Thursday, September 30, 2004

Carter Interview

I was reading an interview Katie Couric had recently with former President Jimmy Carter. He starts out answering a question addressing Bush's assesment that Iraq posed a "gathering threat"

“That was a false statement. It was false to state that Saddam Hussein had a vast store of weapons of mass destruction or that Iraq was a direct threat to the security of the United States. "

But at the end of the interview, when asked what advice he'd give Kerry on his being painted as a "flip-flopper", he said,


"I know from experience that circumstances change and the knowledge that you have about an event changes. And when the times change and the circumstances change or when you learn more information, it's natural for a strong leader to say, ‘okay, my previous commitments, my previous statements were erroneous."
Wait a minute....

So you're saying it's ok to act on the information you have based on your understanding of a situation at the time you took action.

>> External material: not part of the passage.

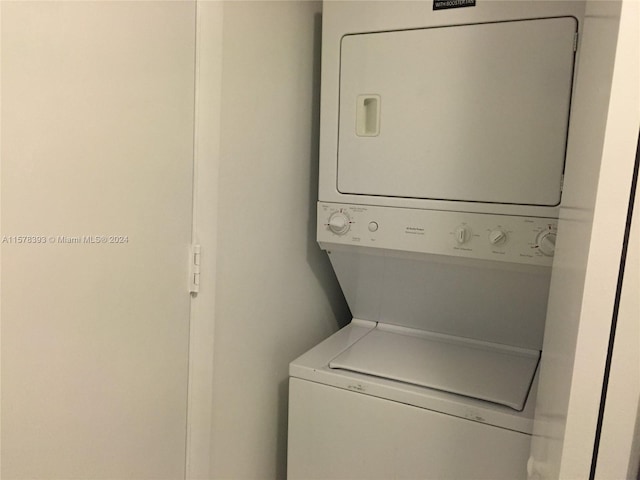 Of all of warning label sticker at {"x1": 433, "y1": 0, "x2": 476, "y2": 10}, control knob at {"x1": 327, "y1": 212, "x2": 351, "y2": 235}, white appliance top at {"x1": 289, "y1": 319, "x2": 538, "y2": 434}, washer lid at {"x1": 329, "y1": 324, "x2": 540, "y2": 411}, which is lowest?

Which is what Bush says he did. The only thing that the President hasn't done is to apologize for the decision he made -- and Jimmy just established the fact that we should allow for it. It's pretty hard to apologize for removing Saddam Hussein from power. Everybody points to the WMD argument as if it were the sole reason for going into Iraq in the first place, and it clearly was not. So he didn't have stockpiles. That part was (apparently) wrong. But we thought it was right. So did the rest of the world.

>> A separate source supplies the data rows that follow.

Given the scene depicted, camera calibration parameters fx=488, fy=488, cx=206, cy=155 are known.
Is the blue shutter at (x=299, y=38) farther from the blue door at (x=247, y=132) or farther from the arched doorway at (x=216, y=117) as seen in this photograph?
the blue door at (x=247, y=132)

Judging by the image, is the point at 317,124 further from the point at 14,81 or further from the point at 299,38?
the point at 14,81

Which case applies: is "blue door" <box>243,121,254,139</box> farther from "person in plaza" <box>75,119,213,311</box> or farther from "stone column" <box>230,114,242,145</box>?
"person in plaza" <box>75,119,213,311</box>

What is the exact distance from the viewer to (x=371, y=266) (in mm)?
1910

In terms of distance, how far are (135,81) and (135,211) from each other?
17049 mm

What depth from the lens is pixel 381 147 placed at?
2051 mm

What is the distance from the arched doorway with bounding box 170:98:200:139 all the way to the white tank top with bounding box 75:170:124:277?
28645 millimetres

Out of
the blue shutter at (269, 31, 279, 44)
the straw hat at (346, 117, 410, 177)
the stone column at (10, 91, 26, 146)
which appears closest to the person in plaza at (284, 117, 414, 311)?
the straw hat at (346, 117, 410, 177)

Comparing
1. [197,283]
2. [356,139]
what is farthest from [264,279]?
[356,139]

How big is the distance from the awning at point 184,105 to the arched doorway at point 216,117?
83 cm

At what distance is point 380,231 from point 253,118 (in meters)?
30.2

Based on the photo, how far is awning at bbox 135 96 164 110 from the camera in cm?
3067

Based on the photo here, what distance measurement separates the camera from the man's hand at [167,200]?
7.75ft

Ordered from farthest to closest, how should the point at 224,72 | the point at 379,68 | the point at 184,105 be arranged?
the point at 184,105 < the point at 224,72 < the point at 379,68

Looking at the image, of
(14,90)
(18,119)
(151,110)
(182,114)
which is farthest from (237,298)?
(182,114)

But the facts remain: He did have them. He did use them. He was not complicit with the terms of the 1991 war's cease-fire agreement, he was not complicit with the UN in disarming and proving he was disarming. He kicked the UN out. He frequently shot at our planes for the 11 years we had forces over there to try to keep him from slaughtering more Kurds. He was paying for terrorism in Israel. And he would, given the opportunity, facilitate terrorist attacks inside the United States.

Anything else is political spin.

At one point in the Carter interview he is asked about security. Carter says that the insurgency and violence is there because we are there, and suggests that our pulling out will put an end to it.

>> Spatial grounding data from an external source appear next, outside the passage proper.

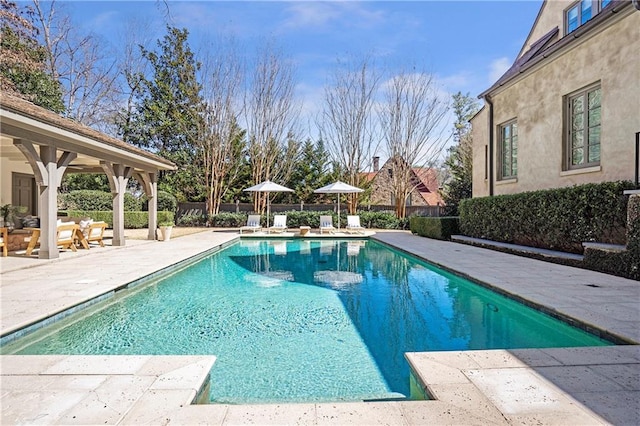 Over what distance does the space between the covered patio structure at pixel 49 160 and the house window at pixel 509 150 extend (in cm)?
1174

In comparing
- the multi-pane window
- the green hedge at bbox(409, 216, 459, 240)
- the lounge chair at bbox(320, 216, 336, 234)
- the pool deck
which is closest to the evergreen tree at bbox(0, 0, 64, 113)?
the lounge chair at bbox(320, 216, 336, 234)

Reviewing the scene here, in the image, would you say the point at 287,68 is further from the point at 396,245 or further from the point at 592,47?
the point at 592,47

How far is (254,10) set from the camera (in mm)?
7133

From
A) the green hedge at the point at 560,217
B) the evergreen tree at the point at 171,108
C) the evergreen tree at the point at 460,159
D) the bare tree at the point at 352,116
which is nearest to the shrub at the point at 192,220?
the evergreen tree at the point at 171,108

That is partially true. But the bigger truth is that even if we had gone in, toppled Saddam, and pulled out, it would be there. Even if Bush had managed to get the whole world behind the effort in the first place (which obviously wasn't going to happen) -- this violence would be there. The violence is there to cause the state to fail, not to get us out. Getting us out would certainly help cause the state to fail very quickly, so certainly that is one of their goals. Certainly our presence is an aid in recruitment, but any suggestion that our pulling out anytime soon will help matters is at best naive.

There was a range of possible outcomes before we went in ranging from best case (more like Afghanistan) and worst case (Civil War) -- and Bush knew it. And he made the decision anyway. Not because he was stupid. Not because he's a war-monger. But because because the risk of not going in outweighed the risk of going in.

One of the major points of contention between Arabs and the US was a sizable US presence in the Middle East. The main reason the US was there in such numbers was Hussein's defiance of the agreements he made and the UN Resolutions passed after the 1991 war. The only responsible way to get out of there was to finish that war.

Which is what we're doing over there.